Irish Church records



Presbyterian Records


In general, Presbyterian registers start much later than those of the Church of Ireland, and early records of Presbyterian baptisms, marriages and deaths are often to be found in the registers of the local Church of Ireland parish. There are exceptions, however. In areas that had a strong Presbyterian population from an early date, particularly in the northeast, some registers date from the late seventeenth and early eighteenth centuries. The only published listing remains that included in Margaret Falley's Irish and Scotch-Irish Ancestral Research, (repr. GPC. 1988). This, however, gives a very incomplete and out of date picture of the extent and location of the records. For the six counties of Northern Ireland, and many of the adjoining counties, the Guide to Church Records: Public Record Office of Northern Ireland, (online, PRONI, 2010) provides a good guide to the dates and locations of surviving registers.

A full listing, with details of years covered is in the county-by-county lists.

Nature of the records

Presbyterian registers record the same information as that given in the registers of the Church of Ireland. It should be remembered that after 1845 all non- Roman Catholic marriages, including those of Presbyterians, were registered by the state.

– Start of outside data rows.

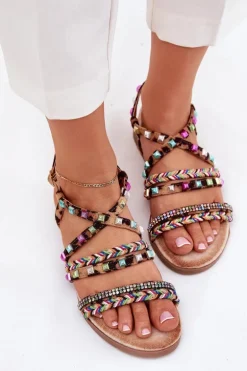 Sandały Damskie Ze Zdobieniem I Plecionymi Paskami Panterka Delyra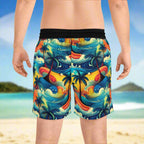 Surfer Standing on the beach looking out over the ocean wearing a pair of Bingo Beachwear Board Shorts.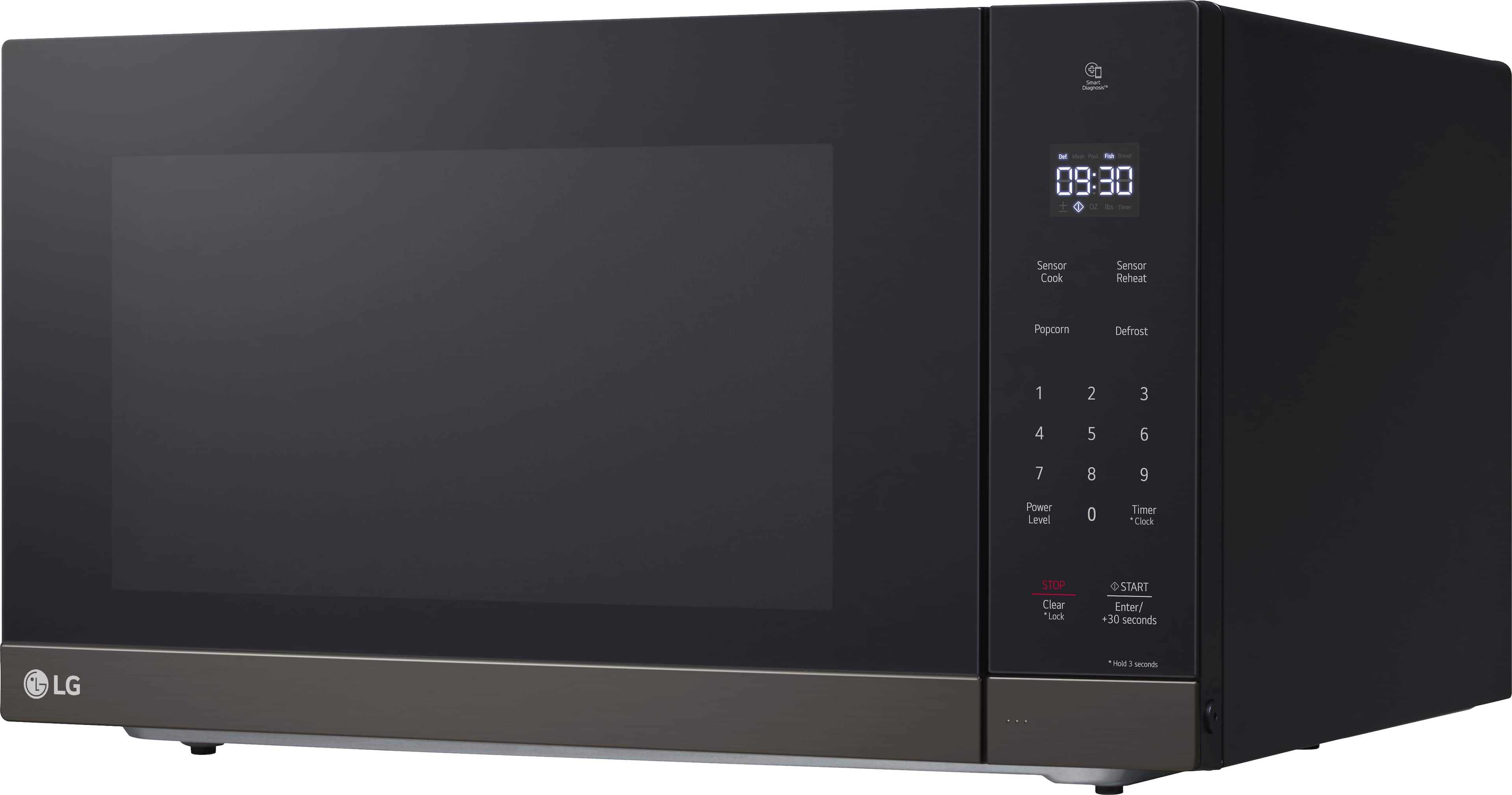 Left. LG - 2.0 Cu. Ft. Countertop Microwave with Sensor Cooking and Smart Inverter - Black Stainless Steel.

From that year, therefore, Presbyterian marriage registers contain all the invaluable information given in state records.

Record Locations

Presbyterian registers are in three main locations:

  • in local custody,
  • in the Public Record Office of Northern Ireland, and
  • at the Presbyterian Historical Society in Belfast (see presbyterianhistoryireland.com).

TPRONI has microfilm copies of almost all registers in Northern Ireland that have remained in local custody. For the rest of Ireland almost all the records are in local custody. It can be very difficult to locate these, as many congregations in the South have moved, amalgamated or simply disappeared over the last sixty years.

The very congregational basis of Presbyterianism further complicates matters, since it means that Presbyterian records do not cover a definite geographical area; the same town often had two or more Presbyterian churches drawing worshippers from the same community and keeping distinct records.

The very congregational basis of Presbyterianism further complicates matters, as it means that Presbyterian records do not cover a definite geographical area: the same town often had two or more Presbyterian churches drawing worshippers from the same community and keeping distinct records. In the early nineteenth century especially, controversy within the Church fractured the records, with seceding and non-seceding congregations in the same area often in violent opposition to each other. Apart from the PRONI listing, the only guide is History of Congregations (Belfast: PHS, 1982; NLI Ir 274108 p 11), which gives a brief historical outline of the history of each congregation. An online subscription version at presbyterianhistoryireland.com is more up to date. Lewis's Topographical Dictionary of Ireland (1837) records the existence of Presbyterian congregations within each civil parish, and Pettigrew and Oulton's Dublin Almanac and General Register of Ireland (1835) includes a list of all Presbyterian ministers in the country, along with the names and locations of their congregations. Brian Mitchell's A New Genealogical Atlas of Ireland (Baltimore, Md.: GPC, 2nd ed., 2002; NLI RR 9292 m 36) maps the locations of historical Presbyterian congregations in the nine counties of Ulster. A brief bibliography of histories of Presbyterianism is given under 'Clergymen' in the 'Occupations section. For Dublin especially, Steven Smyrl's Dictionary of Dublin Dissent: Dublin's Protestant Dissenting Meeting Houses, 1660 - 1920 (Dublin: A. & A. Farmer, 2009) is an excellent guide to the congregations and their records.